Palo Alto Networks (NYSE:PANW) has gained over 48% since the start of the year, regaining the ground lost after the stock hit a mid-2015 peak around $190. The current $215 price tag is the highest Palo Alto stock has ever sported—though the same can’t be said for the stock’s current forward P/E of 55, according to Y Charts.
Sure, it’s higher than the stock’s P/E around 33 last fall, but prior to that shares were trading for over 60 times forward earnings. Put another way: a forward P/E of 55 may sound high, but it’s not necessarily a harbinger of bad news for Palo Alto stock.
The current median forecast from analysts, according to CNN Money, is $235—less than 9% upside, but maybe those estimates haven’t caught up to the already-pocketed gains.
Over the next five years, earnings are slated to expand by nearly 30% per year on the back of substantial sales growth north of 20% per year.
A Closer Look at Palo Alto Stock
Palo Alto has over 50,000 customers in over 150 countries, according to its website, and counts 85% of Fortune 100 companies as its customers. The company’s upward momentum can perhaps be attributed to a string of acquisitions and a new head honcho.
New CEO Nikesh Aroro, who reportedly invested $20 million of his own money into Palo Alto stock and who formerly worked for Google, was announced at the beginning of June.
On top of that, Palo Alto closed on its acquisitions of Evident.io and Secdo this year. The former will help with secure cloud deployments, while the latter is an endpoint protection play. Both additions should help the cybersecurity leader add to its moat.
More recently, the company announced that it wants to raise $1.5 billion, potentially for additional acquisitions. As the Register reported, the company was notably vague about what that money will go towards—hence the website’s headline: “Palo Alto Networks … wants $1.5bn for, er, stuff and things.”
In its press release, the company said it does not currently have any agreements or understandings with respect to any such material acquisitions or strategic transactions.”
Management also listed a bunch of other things the funds could be used for. But given its track record, an acquisition seems like a likely next step—and that’s a good thing.

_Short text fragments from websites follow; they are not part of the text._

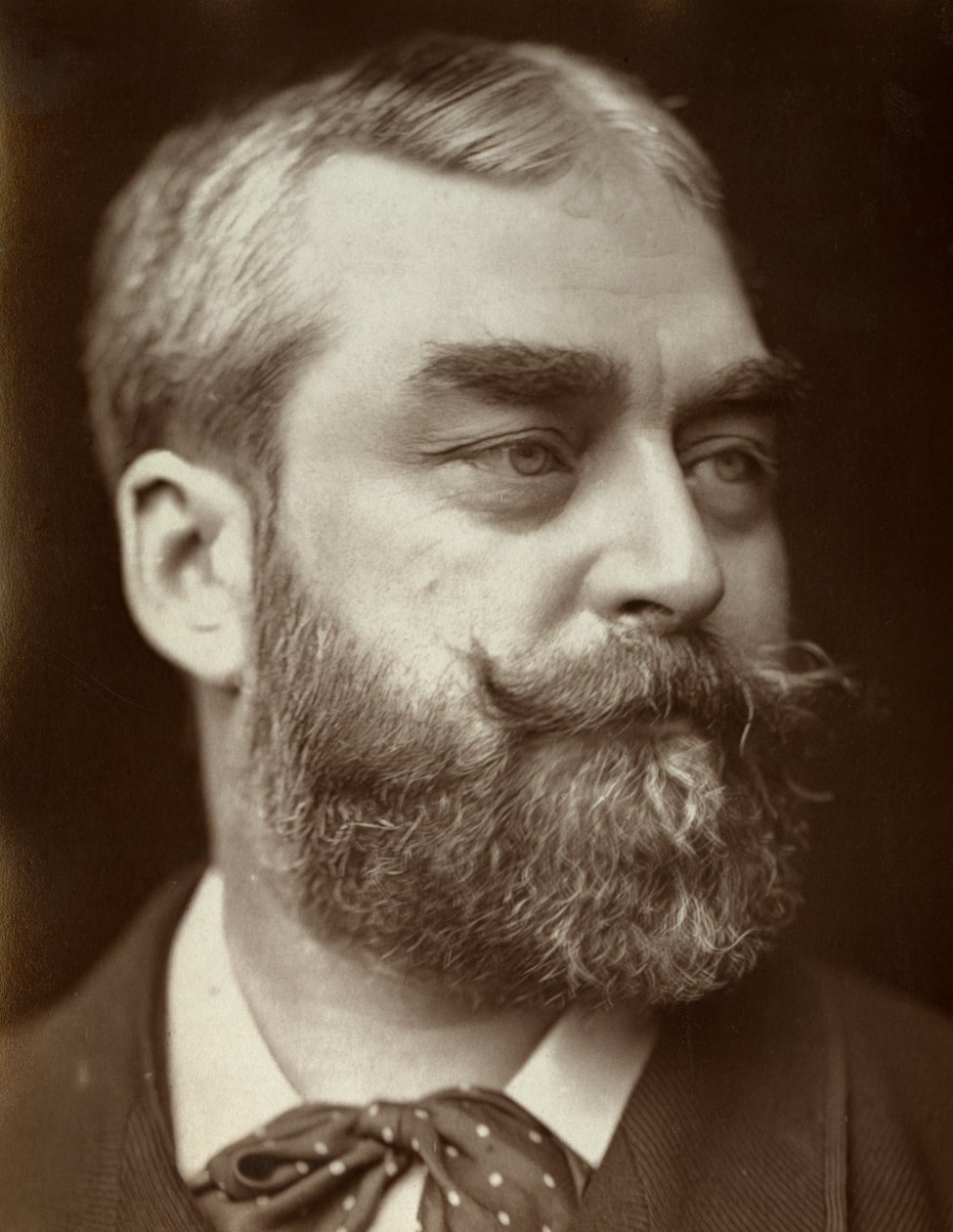弗朗西斯·伯南德（Francis Burnand），英国漫画作家和戏剧家，1883年 作者 不明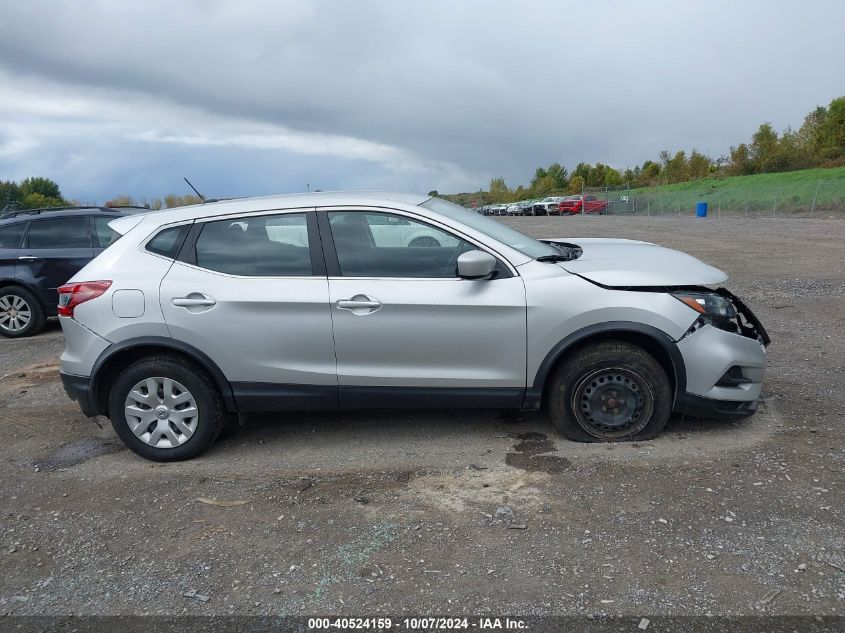 JN1BJ1CW8LW373898 2020 Nissan Rogue Sport S Awd Xtronic Cvt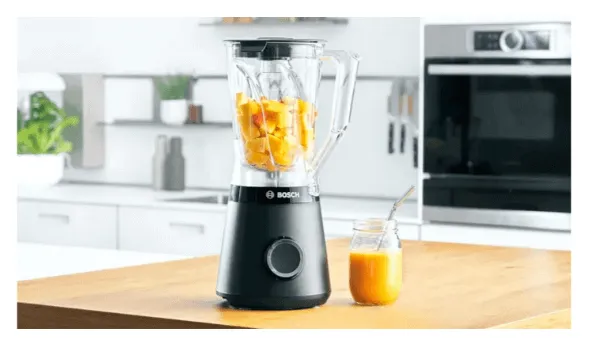 Bosch PUC61KAA5E Series 2 Induction hob 60 cm Black, Surface mount without frame   MMB6141B Blender Vita Power Serie | 4 1200 W Black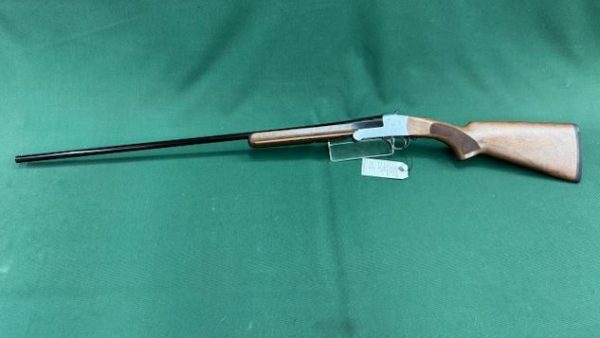 .410 HUGLU MODEL ''301A' BLUED WALNUT 30'' SINGLE BARREL BREAK (FOLDER) HAMMER - AS NEW !!!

Many segments of the tech industry are consolidating because acquisitions are a great way for established players to fill gaps and address new demand—precisely what the two aforementioned buys do for Palo Alto.
Cybersecurity is a particularly appealing segment of the tech world, too, and Palo Alto Networks is one of the biggest names there is. Through 2021, the cybersecurity market is expected to grow between 12% and 15% per year.
With Palo Alto Networks demonstrating that it’s willing to buy its way to a bigger slice of that expanding pie, there’s no major reason to doubt the company’s solid growth estimates.
When a stock is sitting at an all-time high, investors naturally divide into two basic camps: the idea that the stock must be overbought or the idea that the stock must just be getting started.
I think Palo Alto is laying the foundation for continued gains and even higher highs, especially as the market it leads continues to grow.
As of this writing, Robert Martin did not hold a position in any of the aforementioned securities.